@navronaman

Thank you for this

@mateoq2810

Thank you, I spent hours searching tutorials for this model and none of them worked for me.

@MrTuck12345

Exceptional video, thank you so much❤

@ryanp8974

Good stuff, ty!

@saimajahan1000

Thanks for awosome video. Your dependent variable ViolentCrimePerPop has skewed function. You used default loss function. I think default loss function assume normal distribution. I think negative log likelihood, which is mainly used loss function for xg classification can improve your RMSE. I wonder if you could answer my comment.

@Joga_gospel

Thank you for this video. it helped me in immeasurable ways. please, how can I get the R2?

@srinivasanbalan5903

Good tutorial. Thanks for sharing. I have a question on the feature importance. How can we get Feature importance from XGBoost?
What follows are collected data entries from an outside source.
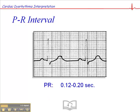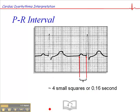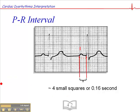That's three small squares to five small squares. To measure the PR interval, we look at the very beginning of the P wave to the very beginning of the QRS complex. It's easiest to look for a P wave that begins on a dark line, then count out the number of small squares between the onset of the P wave and the onset of the QRS. In this case it's four small squares, which is 0.16 second.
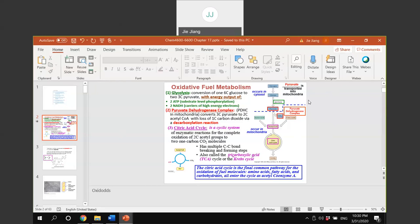Pyruvate can be converted to alcohol or lactate in the anaerobic condition without oxygen - we call it fermentation. Or it can be converted to acetyl-CoA with oxygen in the aerobic condition, and at the same time it will release carbon dioxide. That is the fate of pyruvate.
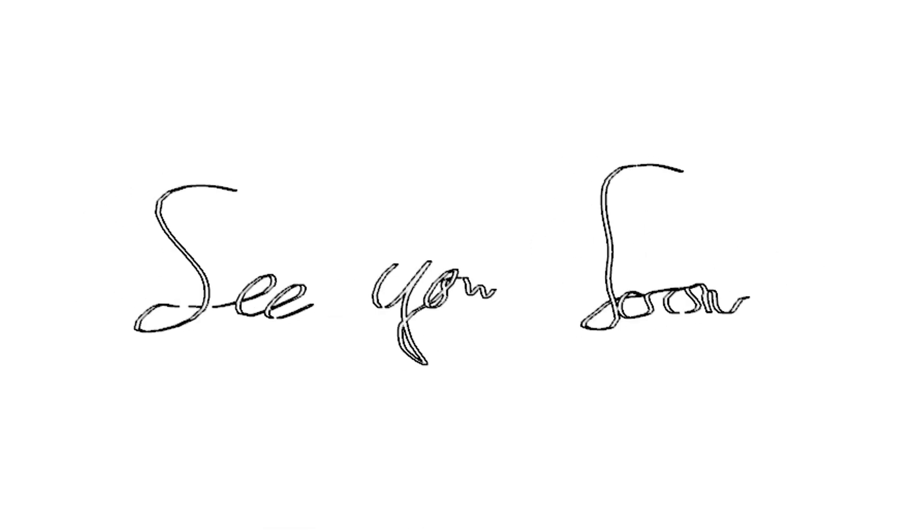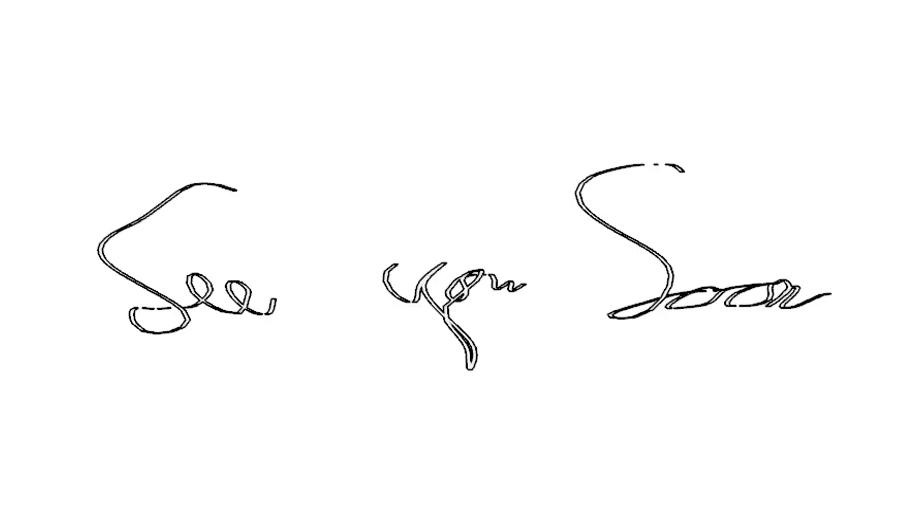You see the noise here in action. It works on three curves, the three words see you soon, and I made an extrusion for each of the curves so they could be rendered nicely.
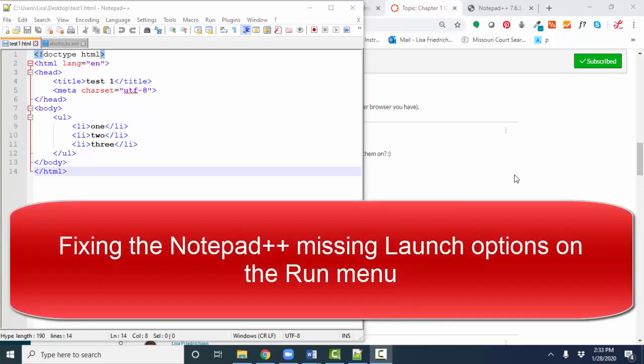Hello, world. Lisa Fredrickson, your friend and computer science professor, with a short screencast on Notepad++.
Can you add that xgb.importance object for our reference?

@micalaravena1857

Hi Spencer, Can be possible  you can do a model whit AdaBoost algorithm for variable cuantitative continuous? is necessary transform a target variable numeric to category to apply this algorithm? thank for your conteny is wonderfull for us!

@jakewhitworth3116

Hey Spencer! Sorry to be commenting so long after this post haha. This is very impressive, your walk through was so much more in depth than other xgboost for regression guide I've found. I've got a question for you: I have 14 predictor variables, most are binary, some are continuous, and then there are three categorical. I'm worried about one of those categorical variables because it has 14 levels. Will including that variable (after I've changed all categorical variables to numeric) mess anything up with the model? I was thinking I should just not include it, but it looks like your data has multiple categorical variables that also have more than a few levels.
For background, I'm only using the xgboost decision tree for variable selection and an insight into variable importance. I will be plugging in the recommended variables into a LR model for interpretability purposes.
Let me know what you think! Great content! I'm glad I found your page!

@kellychen6202

Fantestic video. BTW, how to calculate the AUC of this model?

@Aman-cy4zj

Hey Spencer, Thanks a lot for the video. Really liked it.
I wanted to point out though, you encoded 'county' and 'state' column as numeric in your data pre-processing stage. This seems like an incorrect way to encode these columns as XGBoost will see it as ordinal values rather than nominal data type. This can result in a brittle model and over-fitting easily.
Hope this helps.
Please keep creating more content, much appreciate the work!

@juanwang3705

Hi Spencer Pao:

Thank you for your video. i have two questions. 
1. how could I know which independent attributes are important in the regression?
2. Why other people use the following coding for GBDT. why yours are very different than theirs?
bst_model <- xgb.train(params = xgb_params,
                                      data = train_matrix,
                                      nrounds = 1000,
                                      watchlist = watchlist,
                                      eta = 0.001,
                                      max.depth = 6,
                                      gamma = 0,
                                      subsample = 1,
                                      colsample_bytree = 1,
                                      missing = NA).

@bhuvanaelango1305

Hi, 

i tried running your code, however when i ran the xgb_tune i got this error "Error: Please make sure that the outcome column is a factor or numeric . The class(es) of the column: 'tbl_df', 'tbl', 'data.frame'. what do i do know ?

@nikeshnavele8054

Can you also show how to get Gini for the model?

@ststwangkaiyan5605

mark